▸ Required work: Your answer should hold only the lines from the start of the data below through the line with "The vulnerability is", copied exactly, with pictures left out.

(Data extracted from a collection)
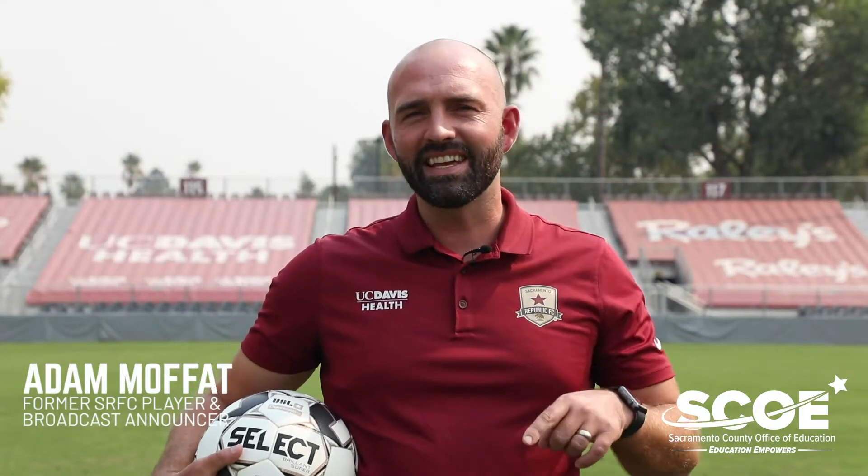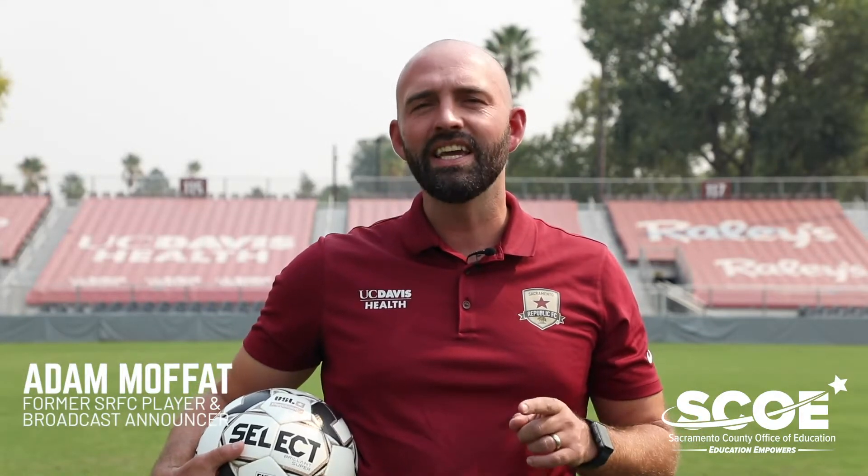Hey everyone, I'm Adam Moffat and this is Sacramento Republic FC PE.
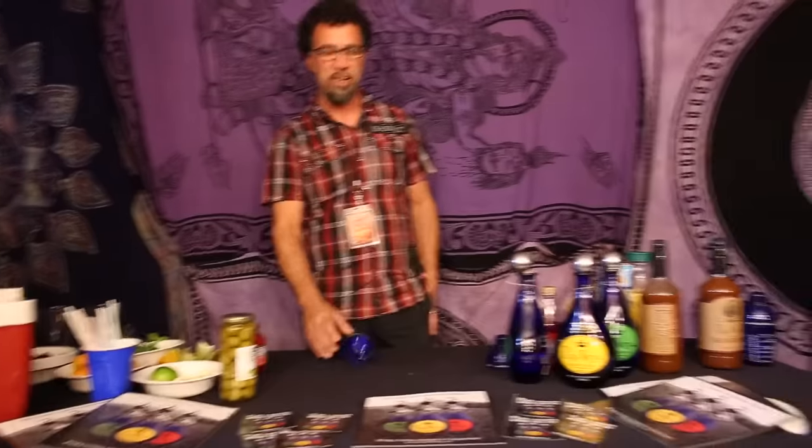Hi, I'm Tony from Godsmack and I'm here for Pura Vida to show you how to make a drink called the Tony Crushed Tomato. You have to go on Twitter and Facebook it. I'm going to show you how to make the drink.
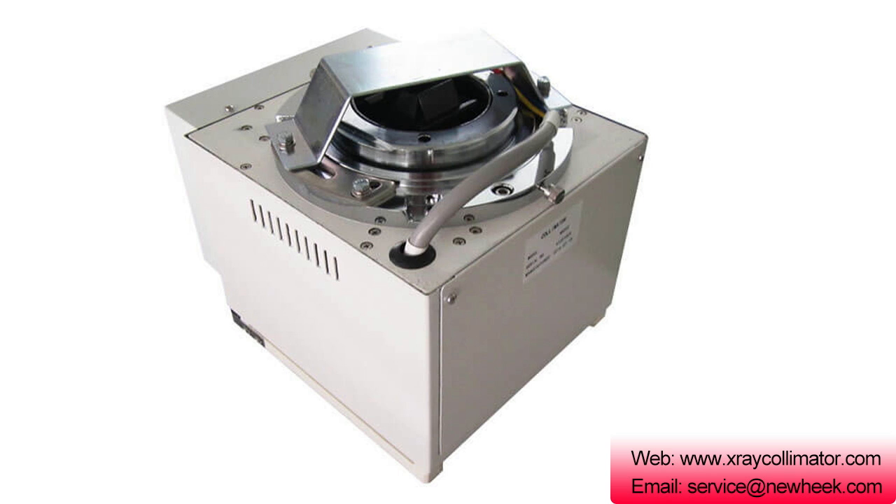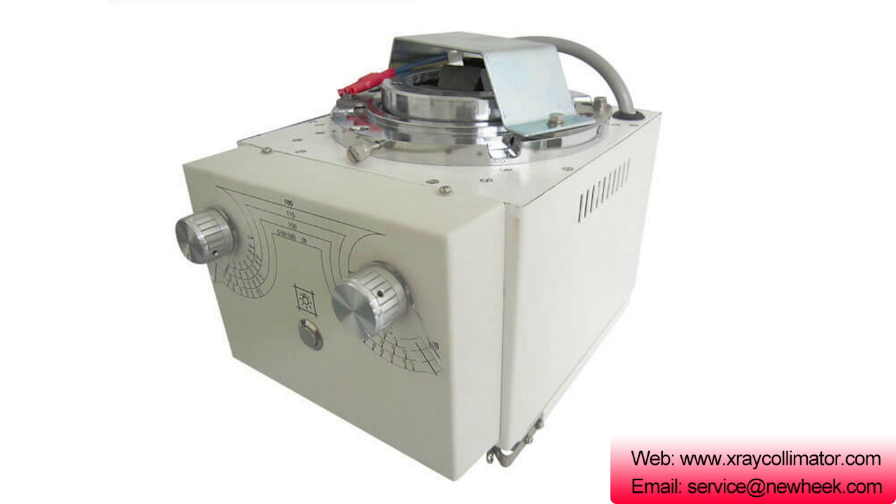The purpose of the multi-leaf collimator is to accurately align the radiation beam emerging from the X-ray tube assembly to the size of the object to be displayed. Next, let me introduce you to the three X-ray collimators that Nuheek sells.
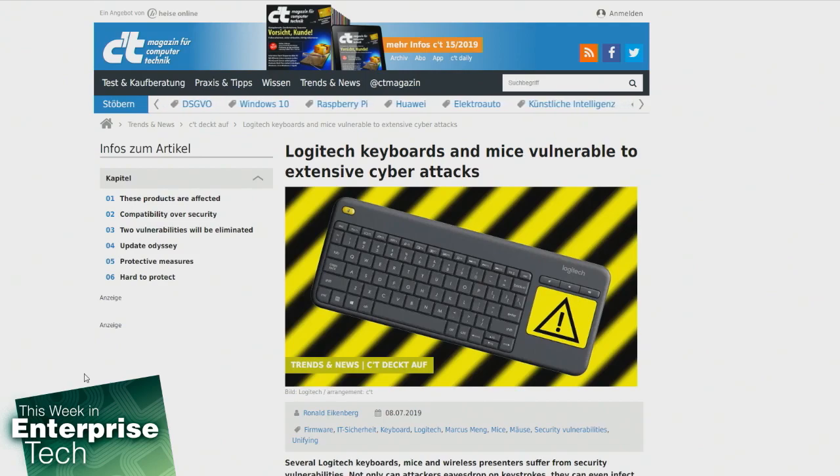The vulnerability is actually allowing an attacker to eavesdrop on keystrokes from wireless keyboards. Everything an affected user types — from emails to passwords — is actually readily available. But it gets even worse: an attacker can send any command to the victim's computer if a vulnerable Logitech device is installed, and that makes it easy to infect the computer with malicious code without the rightful owner actually noticing.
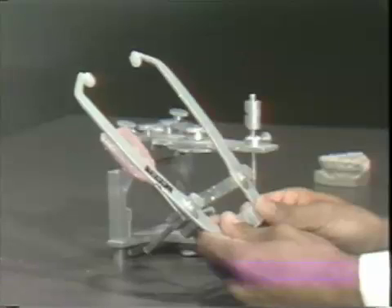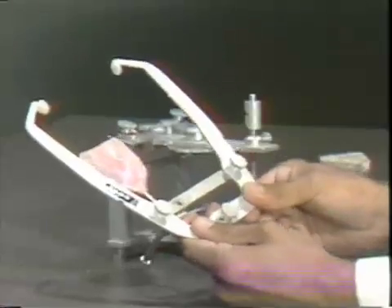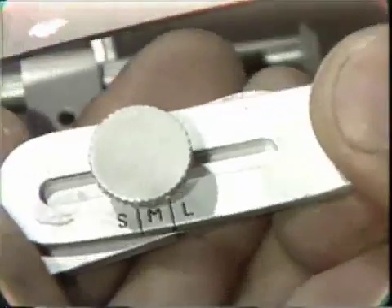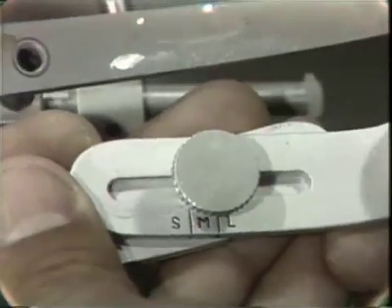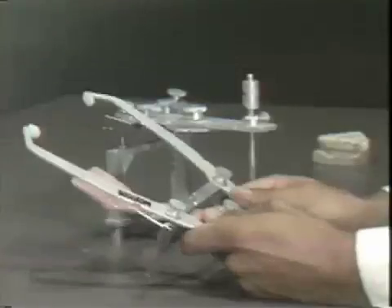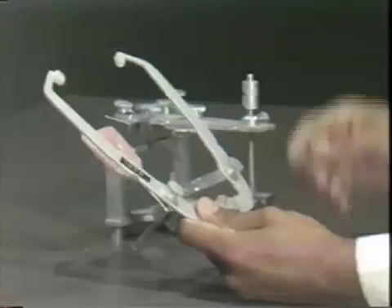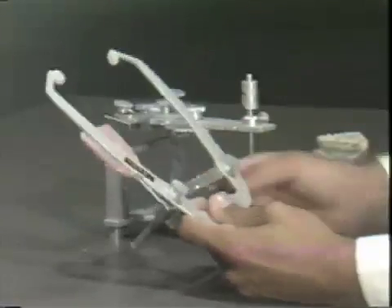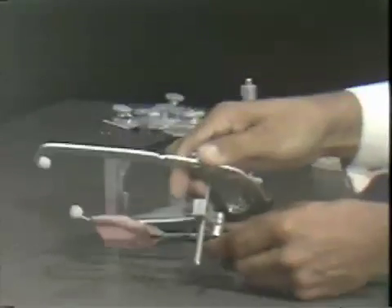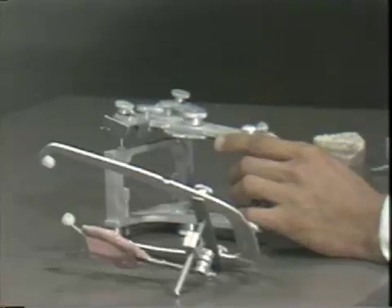These nylon tips go into the auditory openings, and in the front there is a scale. If you end up on the S, you know the patient has a small intercondylar distance; there is also medium and large. This is a self-centering facebow so you don't have to worry about adding millimeters and dividing by two. In this particular case, we will not be taking the facebow off the patient, but will go to the articulator with the facebow setting determined by these two adjustments. To use the facebow, one has to take the incisal guide pin out and put that aside.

▸ Written solution:
Hey everyone, I'm Adam Moffat and this is Sacramento Republic FC PE.
Hi, I'm Tony from Godsmack and I'm here for Pura Vida to show you how to make a drink called the Tony Crushed Tomato. You have to go on Twitter and Facebook it. I'm going to show you how to make the drink.
The purpose of the multi-leaf collimator is to accurately align the radiation beam emerging from the X-ray tube assembly to the size of the object to be displayed. Next, let me introduce you to the three X-ray collimators that Nuheek sells.
The vulnerability is actually allowing an attacker to eavesdrop on keystrokes from wireless keyboards. Everything an affected user types — from emails to passwords — is actually readily available. But it gets even worse: an attacker can send any command to the victim's computer if a vulnerable Logitech device is installed, and that makes it easy to infect the computer with malicious code without the rightful owner actually noticing.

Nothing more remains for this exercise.